Shares in i3 Energy dropped this morning after the North Sea oil and gas explorer revealed plans for a secondary listing.
The firm is trying to raise funds for an appraisal drilling on its licences in the outer Moray Firth in summer.
It did not specify which stock exchange would be chosen, but plans to list by April 30.
The firm is already listed on the London Stock Exchange, where its share dipped 8.59% to 9.05p in early trading.
Based in Westhill, near Aberdeen, i3 also announced it had contracted Fugro for a site survey on its Serenity and Liberator West structures.
Work started late last month and will finish this month.
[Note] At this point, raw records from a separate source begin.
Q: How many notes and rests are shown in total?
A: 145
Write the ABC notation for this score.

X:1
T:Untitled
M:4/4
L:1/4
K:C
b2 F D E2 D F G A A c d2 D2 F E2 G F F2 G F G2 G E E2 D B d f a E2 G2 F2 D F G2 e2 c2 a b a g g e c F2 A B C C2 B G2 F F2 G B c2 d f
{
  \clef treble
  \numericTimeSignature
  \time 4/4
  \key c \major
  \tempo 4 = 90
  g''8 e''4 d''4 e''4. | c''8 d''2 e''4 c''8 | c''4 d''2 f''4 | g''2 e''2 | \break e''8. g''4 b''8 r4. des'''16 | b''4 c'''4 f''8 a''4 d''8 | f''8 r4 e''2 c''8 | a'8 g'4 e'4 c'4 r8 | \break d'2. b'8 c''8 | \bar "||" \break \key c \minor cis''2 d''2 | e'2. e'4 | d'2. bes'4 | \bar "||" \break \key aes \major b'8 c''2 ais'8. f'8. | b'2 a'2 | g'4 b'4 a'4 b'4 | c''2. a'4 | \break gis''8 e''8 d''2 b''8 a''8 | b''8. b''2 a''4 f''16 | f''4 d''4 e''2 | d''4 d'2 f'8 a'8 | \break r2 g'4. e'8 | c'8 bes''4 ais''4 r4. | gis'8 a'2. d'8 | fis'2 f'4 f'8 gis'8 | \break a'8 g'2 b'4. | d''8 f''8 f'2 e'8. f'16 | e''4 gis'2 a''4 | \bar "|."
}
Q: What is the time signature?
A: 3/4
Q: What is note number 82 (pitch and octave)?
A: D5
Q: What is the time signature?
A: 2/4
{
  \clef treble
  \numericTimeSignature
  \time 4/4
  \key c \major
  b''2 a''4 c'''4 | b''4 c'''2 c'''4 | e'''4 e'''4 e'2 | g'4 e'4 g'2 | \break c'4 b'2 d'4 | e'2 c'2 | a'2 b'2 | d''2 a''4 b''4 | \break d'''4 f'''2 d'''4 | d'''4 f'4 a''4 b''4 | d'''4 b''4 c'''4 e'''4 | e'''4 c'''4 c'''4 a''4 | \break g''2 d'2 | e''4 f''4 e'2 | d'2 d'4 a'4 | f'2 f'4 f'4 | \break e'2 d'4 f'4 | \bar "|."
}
The survey will cover acreage omitted in last year’s site survey, making sure all potential drilling locations “remain targetable” for the drilling campaign, which remains subject to funding being secured.
Two wells drilled on Liberator last year did not meet i3’s expectations, but the latter showed potential in Minos High, or Liberator West, to the west of the licence area.
The company said last month that the entire Liberator structure could have about 400 million barrels of oil in place.
But i3 has higher hopes for nearby Serenity discovery, thought to contain 200m barrels.
I3 thinks Serenity is connected to the nearby Tain oilfield, which Repsol Sinopec Resources UK is assessing as a development option.
Majid Shafiq, chief executive of i3 Energy, said: “The team is very much looking forward to conducting a high-impact drilling campaign starting in late summer, and the ongoing site survey being conducted by Fugro will ensure we have the data required to appraise anywhere within the mapped extents of Serenity or Liberator.”